Working with neuroscientists and linguists ensures high-quality translations.

“Things can get lost in translation,” Romero said. “So we were very careful to make sure that there were quality controls so that the translations produced were well-written, with no mistakes in the language used or in the concepts described, so that native-Spanish speakers could trust the science.”

Romero said he’s proud this initiative is an example of fruitful collaborations between science and humanities departments. “We each bring expertise to the partnership,” he said. “In the world of science, we can take for granted that everyone communicates, everyone speaks, everyone writes, but we don’t always look at the language structurally.

“This project made crystal clear that we needed an expert in the structure of the language so that we can better communicate the scientific knowledge.”

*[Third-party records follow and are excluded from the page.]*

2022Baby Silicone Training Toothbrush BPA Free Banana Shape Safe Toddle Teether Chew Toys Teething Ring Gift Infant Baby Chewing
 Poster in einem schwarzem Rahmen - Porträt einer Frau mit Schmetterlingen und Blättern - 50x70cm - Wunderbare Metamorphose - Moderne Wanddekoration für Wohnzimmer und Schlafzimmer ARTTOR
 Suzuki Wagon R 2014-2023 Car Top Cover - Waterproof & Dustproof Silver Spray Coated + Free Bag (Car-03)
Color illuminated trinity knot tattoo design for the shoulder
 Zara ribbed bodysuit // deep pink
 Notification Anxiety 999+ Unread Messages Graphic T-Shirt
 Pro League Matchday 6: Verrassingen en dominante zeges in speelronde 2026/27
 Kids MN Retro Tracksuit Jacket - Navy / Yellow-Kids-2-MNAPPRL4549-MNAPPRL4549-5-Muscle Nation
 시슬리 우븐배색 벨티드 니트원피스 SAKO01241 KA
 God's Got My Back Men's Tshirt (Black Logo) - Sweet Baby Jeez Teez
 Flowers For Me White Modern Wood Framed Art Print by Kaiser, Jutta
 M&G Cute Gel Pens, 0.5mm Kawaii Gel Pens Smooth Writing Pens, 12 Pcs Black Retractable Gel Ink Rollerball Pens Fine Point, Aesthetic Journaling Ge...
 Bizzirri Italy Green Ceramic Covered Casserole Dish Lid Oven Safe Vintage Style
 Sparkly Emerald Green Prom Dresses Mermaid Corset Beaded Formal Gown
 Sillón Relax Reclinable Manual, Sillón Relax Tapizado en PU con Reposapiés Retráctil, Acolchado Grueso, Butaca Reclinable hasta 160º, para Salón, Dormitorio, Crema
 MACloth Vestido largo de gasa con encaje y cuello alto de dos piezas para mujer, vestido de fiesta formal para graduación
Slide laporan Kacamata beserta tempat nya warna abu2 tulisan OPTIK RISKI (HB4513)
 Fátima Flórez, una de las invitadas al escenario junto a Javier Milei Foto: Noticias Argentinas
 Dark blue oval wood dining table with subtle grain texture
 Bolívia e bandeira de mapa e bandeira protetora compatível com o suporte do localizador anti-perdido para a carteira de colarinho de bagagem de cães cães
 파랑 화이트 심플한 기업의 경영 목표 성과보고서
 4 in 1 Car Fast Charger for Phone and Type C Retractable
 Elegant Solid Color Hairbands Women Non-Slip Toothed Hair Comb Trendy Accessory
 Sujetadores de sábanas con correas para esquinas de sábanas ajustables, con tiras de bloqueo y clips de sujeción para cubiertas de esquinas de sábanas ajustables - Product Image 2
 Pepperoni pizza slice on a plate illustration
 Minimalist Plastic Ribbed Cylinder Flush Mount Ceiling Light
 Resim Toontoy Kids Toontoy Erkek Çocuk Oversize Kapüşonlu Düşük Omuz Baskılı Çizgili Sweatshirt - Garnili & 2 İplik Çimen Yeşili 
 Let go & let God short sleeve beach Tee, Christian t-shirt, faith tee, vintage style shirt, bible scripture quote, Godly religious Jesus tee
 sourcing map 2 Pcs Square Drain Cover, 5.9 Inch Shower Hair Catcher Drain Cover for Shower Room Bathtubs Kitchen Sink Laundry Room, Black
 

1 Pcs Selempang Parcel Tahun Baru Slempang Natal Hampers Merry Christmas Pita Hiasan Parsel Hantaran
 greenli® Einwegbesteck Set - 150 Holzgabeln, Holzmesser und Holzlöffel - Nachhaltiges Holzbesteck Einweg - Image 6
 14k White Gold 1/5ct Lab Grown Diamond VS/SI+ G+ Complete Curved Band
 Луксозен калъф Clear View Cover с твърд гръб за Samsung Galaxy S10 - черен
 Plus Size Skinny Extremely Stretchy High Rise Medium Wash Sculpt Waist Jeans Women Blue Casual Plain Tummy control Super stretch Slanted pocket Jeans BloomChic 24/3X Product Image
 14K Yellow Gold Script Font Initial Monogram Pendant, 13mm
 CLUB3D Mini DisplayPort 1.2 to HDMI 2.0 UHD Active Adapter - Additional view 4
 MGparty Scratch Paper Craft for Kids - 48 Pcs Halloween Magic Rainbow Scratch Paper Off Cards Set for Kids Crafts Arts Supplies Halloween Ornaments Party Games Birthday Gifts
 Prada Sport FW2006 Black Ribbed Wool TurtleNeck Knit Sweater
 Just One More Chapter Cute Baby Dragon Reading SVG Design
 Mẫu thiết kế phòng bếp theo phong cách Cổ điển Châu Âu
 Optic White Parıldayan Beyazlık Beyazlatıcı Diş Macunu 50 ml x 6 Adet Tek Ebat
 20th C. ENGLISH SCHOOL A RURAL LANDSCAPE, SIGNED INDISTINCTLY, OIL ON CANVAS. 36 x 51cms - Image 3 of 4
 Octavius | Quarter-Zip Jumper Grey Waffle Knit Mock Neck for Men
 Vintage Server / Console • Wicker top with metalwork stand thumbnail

The ongoing project is expanding across continents, with students from the Universidad Complutense de Madrid and the Universidad Autónoma de Madrid joining the program as editors for the neuroscience translations. Romero and Suhr will move from editorial operations to project oversight and programming responsibilities.

“We hope this project continues to grow and becomes even more collaborative by adding to our team more community partners as well as professors and students from other disciplines within UCLA and other universities around the world,” Suhr said.

UCLA student translators also develop outreach activities – including podcasts, presentations and audible articles – to complement the translated research articles and to create awareness of the availability of these resources.

“In-person community outreach contributes to making our resources even more accessible for our local communities and allows us to see its impact firsthand,” Suhr said. “We have partnered with high schools and community centers in highly densely Hispanic populated areas in Los Angeles to conduct workshops on the translated articles for the Latinx youth.

“Our UCLA Latinx students have reported conversations with high schoolers who approached them after the workshop to show their appreciation for presenting science in Spanish and to ask questions about STEM careers.”

Long term, researchers hope that increasing the availability of Spanish-language scientific information can help combat the persistent lack of diversity in neuroscience and STEM currently seen in academia.

“We’re hoping to encourage other people to replicate what we’ve done. You can theoretically translate any number of different fields into dozens, hundreds, thousands of languages,” Romero said.